Interestingly, we observed higher levels of H2A.X phosphorylated on Tyr142 at later time points after NCS treatment in cells expressing SLBP(RL97/99AA) (Figure 5B and Figure S5B). Previous reports have described a role for H2A.X phosphorylated at both Ser139 and Tyr142 in the recruitment of stress-activated JNK1 to promote apoptosis in response to genotoxic stress (Cook et al., 2009; Lu et al., 2006). Accordingly, we observed higher levels of p53 in cells expressing SLBP(RL97/99AA) (Figure 5B and Figure S5B), which is downstream of JNK signaling (Saha et al., 2012; Fuchs et al., 1998). Together, these data suggest that cells expressing SLBP(RL97/99AA) are more susceptible to apoptosis upon DNA damage in G2.

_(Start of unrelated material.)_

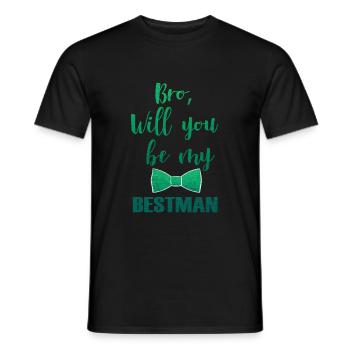 Bruder des Bräutigam Hochzeit Heiraten Geschenk - Männer T-Shirt - Schwarz - Vorne - AI Model Male 178 light (178cm)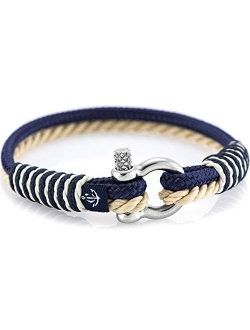 Constantin Nautics Sail With Us SLIM Handmade Unisex Nautical Bracelet by Constantin Nautics Made from Sailing Rope - Gift Idea for Men & Women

To test this hypothesis, U2OS cells stably expressing inducible SLBP(RL97/99AA) were prepared as in Figure 5A. Four hours after NCS treatment, cells were collected and stained with Annexin-V to detect phosphatidylserine, a marker of apoptotic cells. FACS analysis revealed that, indeed, expression of SLBP(RL97/99AA) was associated with a significantly higher percentage of cells staining positive for Annexin-V (Figure 6A). To further evaluate the viability of these cells, we asked if SLBP(RL97/99AA) expression in G2 could affect clonogenic growth. U2OS cells were again prepared as in Figure 5A and allowed to proliferate until discernable colonies could be observed. SLBP(RL97/99AA) did not affect the ability of the U2OS cells to form colonies in untreated cells. However, in response to DNA damage, expression of SLBP(RL97/99AA) led to a significant decrease in the number of colonies (Figure 6B).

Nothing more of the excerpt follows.